Doc Rivers knew the O'Neal veterans — Shaquille and Jermaine — would miss time with injuries after the Celtics signed them to plug the hole left by another ailment.
Boston's coach just didn't think the two free agent centers would miss as much time as they have.
Shaquille O'Neal sat out practice on Monday and will be sidelined for the second straight game with a sore right hip when the Celtics try to bounce back from a loss to the lowly Washington Wizards with a win Tuesday night against the team with the worst record in the NBA, the Cleveland Cavaliers.
"It's not a serious injury," Rivers said, "but he's also 38 years old and we're going to be very cautious."
The Celtics start a four-game West Coast trip in Portland on Thursday night, and Rivers said he thinks O'Neal will play in at least one or two of those games.
Both O'Neals were signed in the offseason as free agents to fill in for Kendrick Perkins, who hurt his knee in Game 6 of the NBA finals and missed the Los Angeles Lakers title-clinching 83-79 win in Game 7. Perkins has targeted the game against the Dallas Mavericks on Feb. 4 for his return.
"He looks great," Rivers said after Monday's practice. "He went through the entire practice because we needed him."
That's because the O'Neals didn't participate.
Shaquille has played on 33 of the Celtics' 43 games, averaging 9.9 points, 4.9 rebounds and 21.3 minutes per game.
Jermaine, 32, has played in only 17 games with averages of 5.2 points, 3.8 rebounds and 18 minutes.
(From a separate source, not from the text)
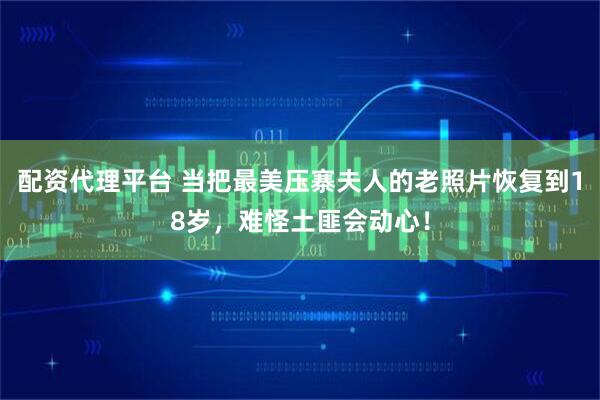 配资代理平台 当把最美压寨夫人的老照片恢复到18岁，难怪土匪会动心！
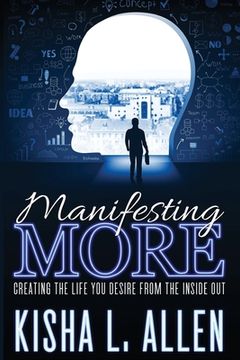 portada Manifesting MORE: Creating the Life You Desire From the Inside Out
He sat out 19 games, then played in the next 10 before missing the last six with a knee injury. But he's out for four weeks, hoping rest and rehabilitation will get him back on the court.
Rivers said he didn't know when the team signed them how much they'd be able to play.
"We knew with Shaq and J.O., we would have injuries," he said. "The history told you that. We just didn't know it would be this amount right now, but we'll get through it."
Despite their absence, the Celtics are 33-10, tops in the Eastern Conference. But for now, their healthy centers are rookie Semih Erden and Glen Davis, normally a forward. Davis has played all 43 games with nine starts and is averaging 30.8 minutes per game. He's played more than that in 11 of his last 16 games.
"I feel like I can be in better shape," he said. "I need to be a guy who's in shape for 48 minutes instead of 35. Those little minutes count."
Davis prefers to come off the bench, and Erden did start Saturday night's game when Shaquille O'Neal was sidelined. The Celtics led by 16 in the first half, then began settling for outside shots, giving the Wizards a chance to come back. It didn't help the Celtics that they scored just 11 in the fourth quarter, a season-low for any period. They missed 18 of 23 shots in that quarter.
"You get a lead and you kind of let your guard down. I thought that happened the other night and then you get the other team excited. Then it's tough to turn it back on," Rivers said. "It's been a terrific season so far, but in that terrific season we've had some bad losses, too, and I tell our guys that. Some of the teams that have beaten us are under .500 and those are tough losses for a team that shouldn't lose those games."
They certainly shouldn't lose Tuesday night. But they've already lost to the Cavaliers, 95-87, in Cleveland. Despite the results, though, Rivers said the Celtics don't overlook weak opponents.
"If we do, then we'll lose," he said. "I don't think our team does that. I just think we come out and we assume wins and sometimes they don't happen. You have to go out and earn them."
Swingman Marquis Daniels also missed practice Monday because of a family issue and has a 50-50 chance of playing Tuesday, Rivers said.
Ray Allen will have a chance to get closer to Reggie Miller's NBA record for 3-point field goals. Allen has made 2,537 in his 15-year career and needs 24 to pass Miller.
"He's such a pro. He prepares every night like it's the biggest game of the year," Rivers said of Allen. "He'll eventually get there. I hope he gets there in the next three or four games. That means he's had a hell of a roll."